Pictures with short captions:
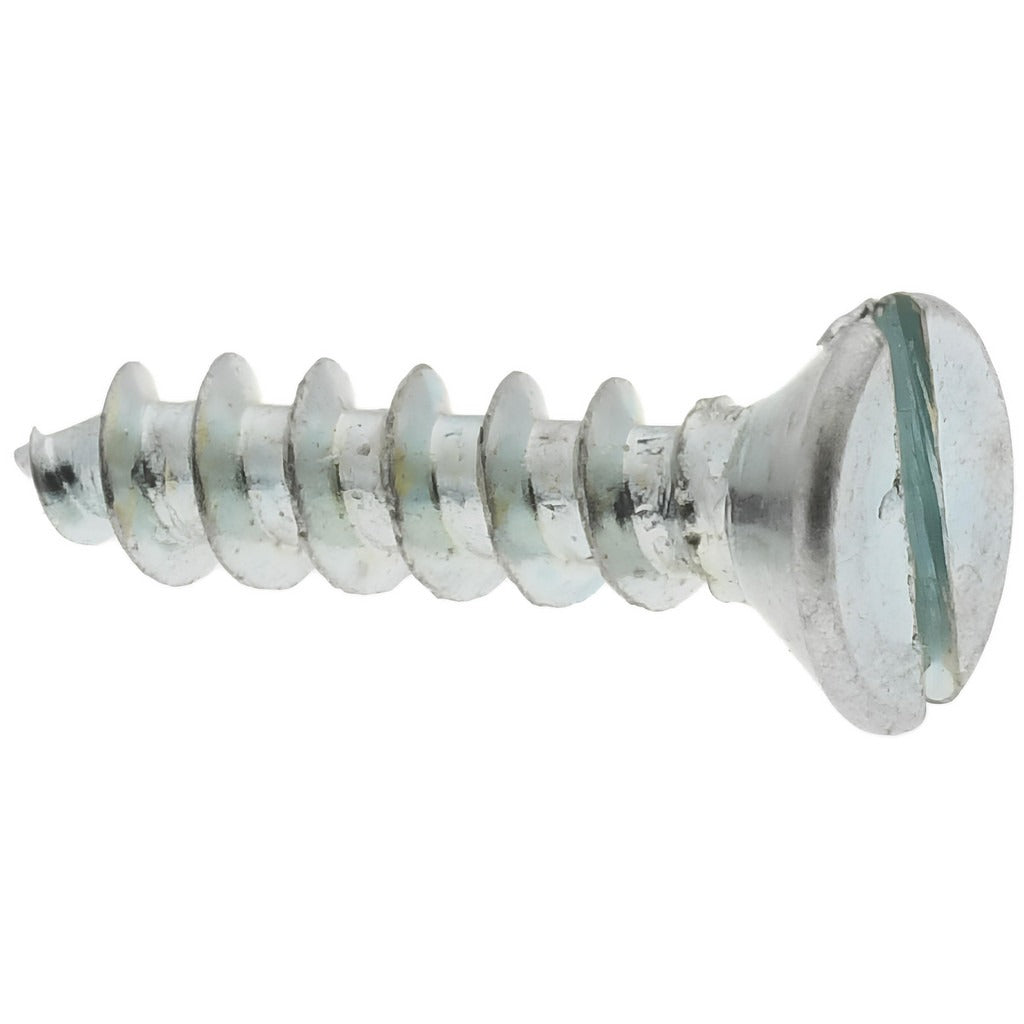 VALUE COLLECTION Value Collection WSFI20000370-100BX Flat Head Wood Screw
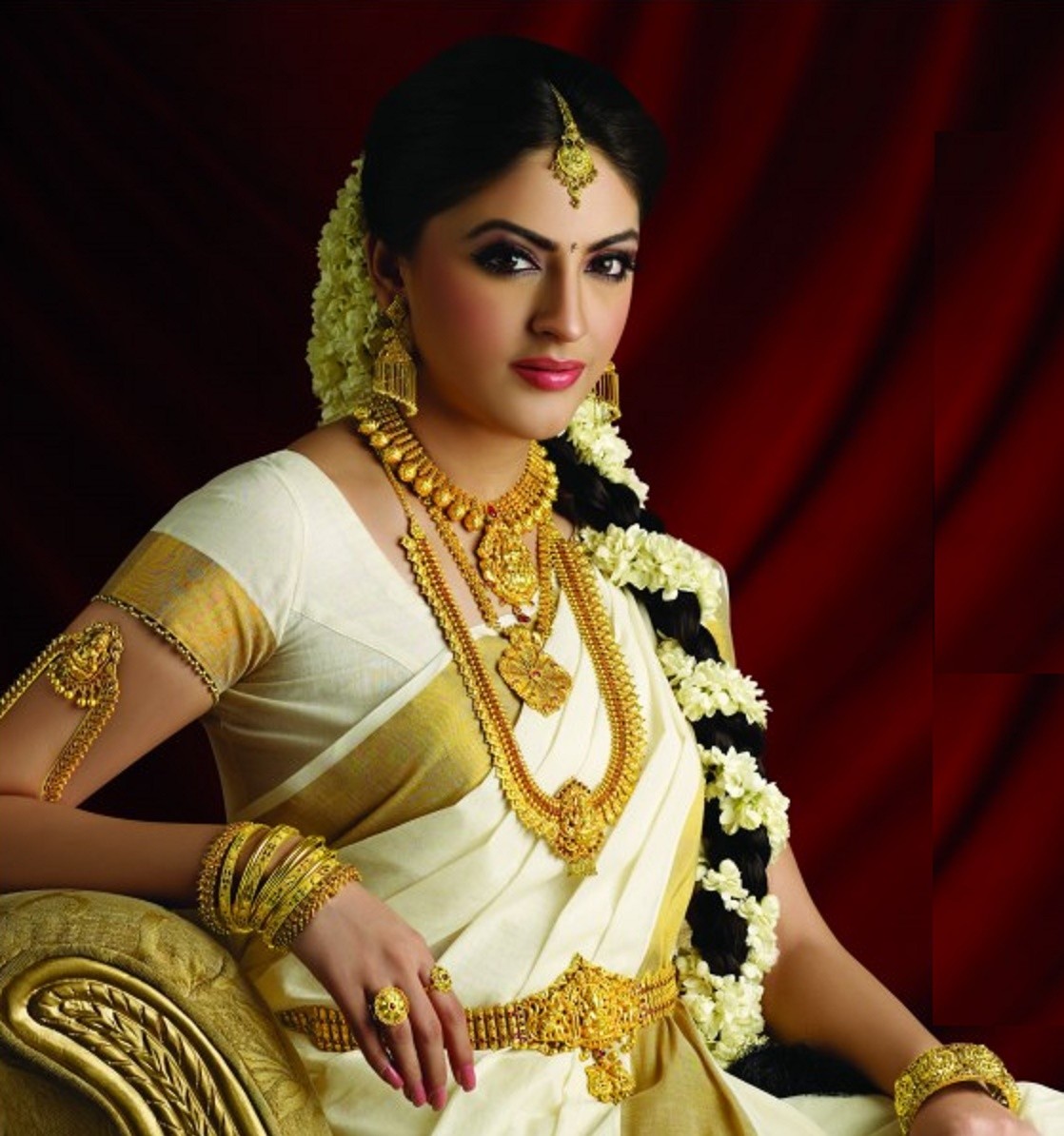 South Indian bridal collection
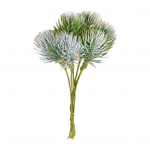 Elegantsed simuleeritud taimed, keskkonnas&otilde;bralikud ainulaadsed kunsttaimed, dekoratiivsed lilled A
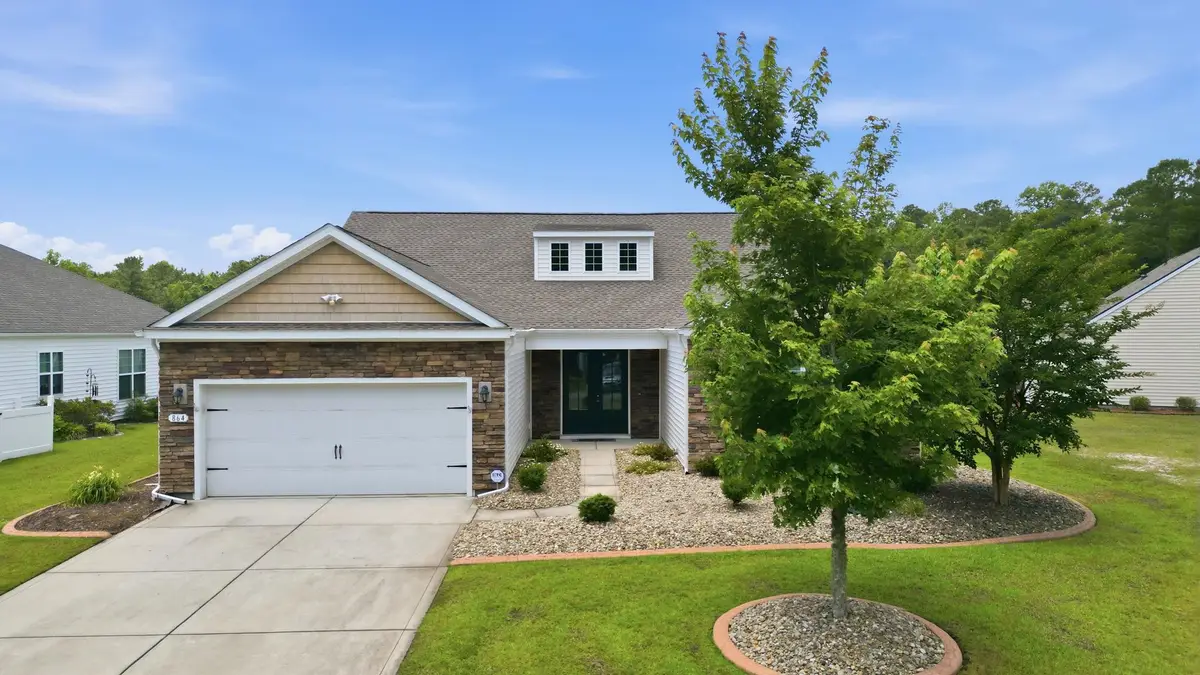 864 Callant Dr., Little River, SC 29566 - #1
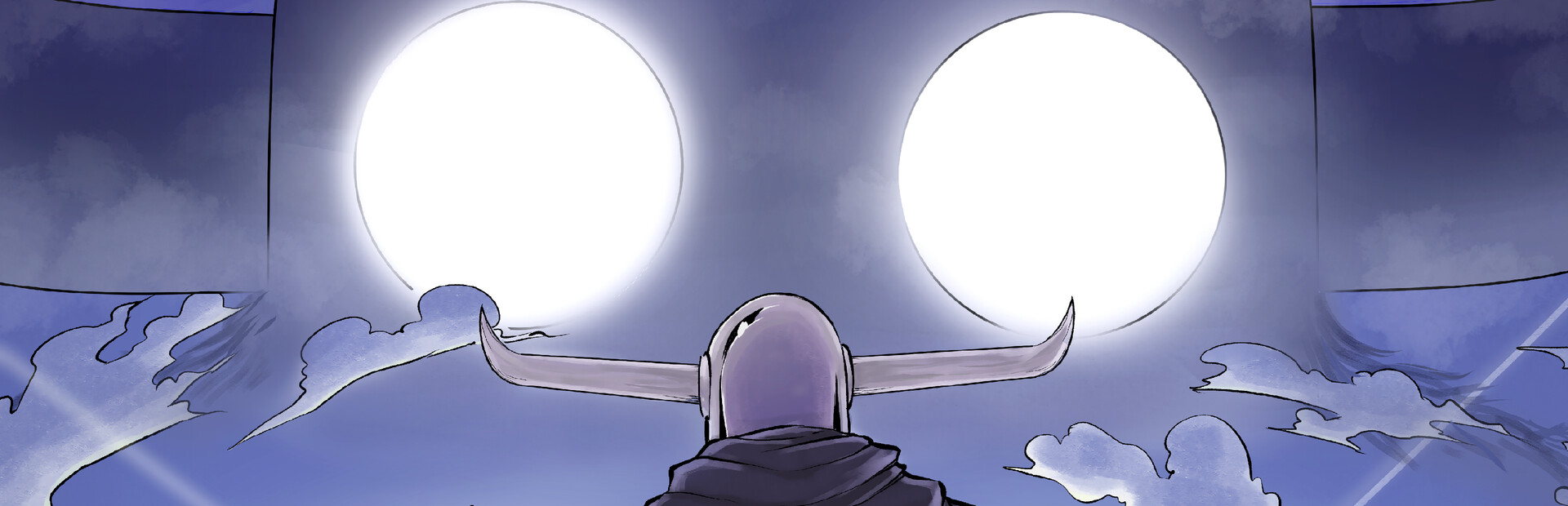 Above the Cloud: Time Bound Mansion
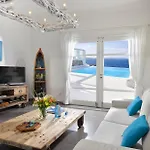 Mykonos Sea&sunset View Pool-hot Tub By Calypso Sunset Βίλα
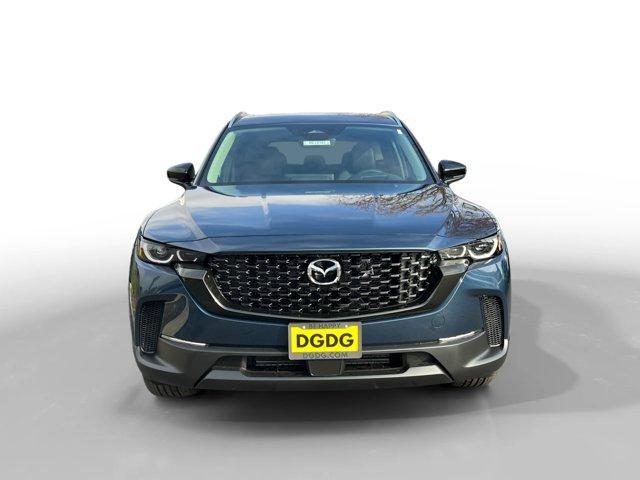 new 2025 Mazda CX-50 car, priced at $38,470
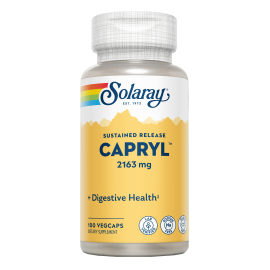 Capryl™ 100 VegCaps - Solaray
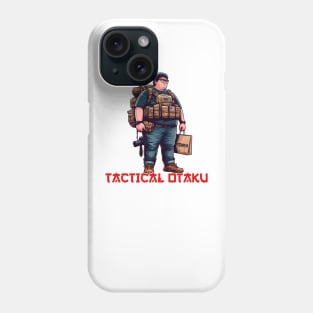 Tactical Otaku Phone Case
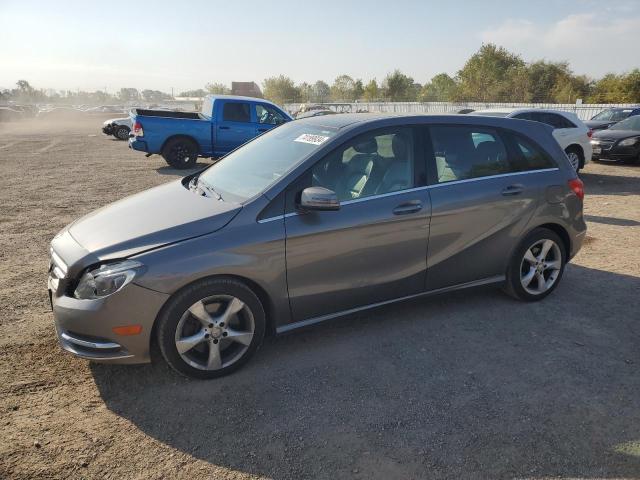 2014 Mercedes-Benz B250 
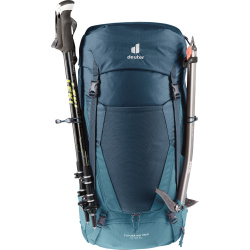 Deuter Futura Air Trek 45+10l SL damsky turisticky expedicni batoh marine lake 6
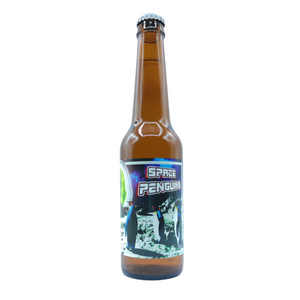 Space Penguins | Zoobrew x 90BPM | 5.9° | Cream Ale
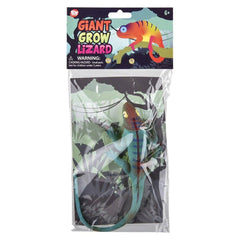 Giant Grow Lizard LLB kids toys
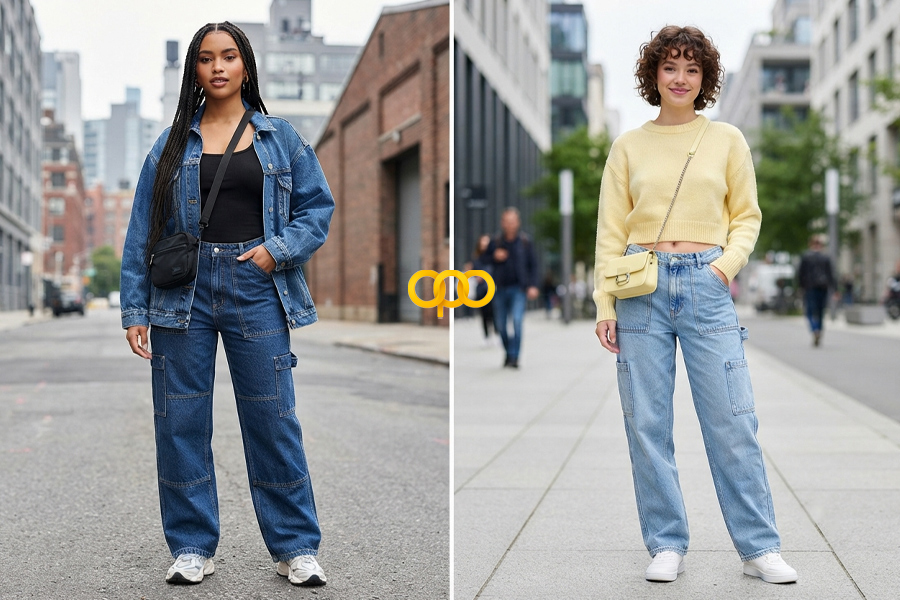کارپنتر یا نجاری (Carpenter Jeans)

* [Goal of the exercise]: Please repeat each record above precisely, with the pictures left out.

* [Finished task]:
 VALUE COLLECTION Value Collection WSFI20000370-100BX Flat Head Wood Screw
 South Indian bridal collection
 Elegantsed simuleeritud taimed, keskkonnas&otilde;bralikud ainulaadsed kunsttaimed, dekoratiivsed lilled A
 864 Callant Dr., Little River, SC 29566 - #1
 Above the Cloud: Time Bound Mansion
 Mykonos Sea&sunset View Pool-hot Tub By Calypso Sunset Βίλα
 new 2025 Mazda CX-50 car, priced at $38,470
 Capryl™ 100 VegCaps - Solaray
 Tactical Otaku Phone Case
 2014 Mercedes-Benz B250 
 Deuter Futura Air Trek 45+10l SL damsky turisticky expedicni batoh marine lake 6
 Space Penguins | Zoobrew x 90BPM | 5.9° | Cream Ale
 Giant Grow Lizard LLB kids toys
کارپنتر یا نجاری (Carpenter Jeans)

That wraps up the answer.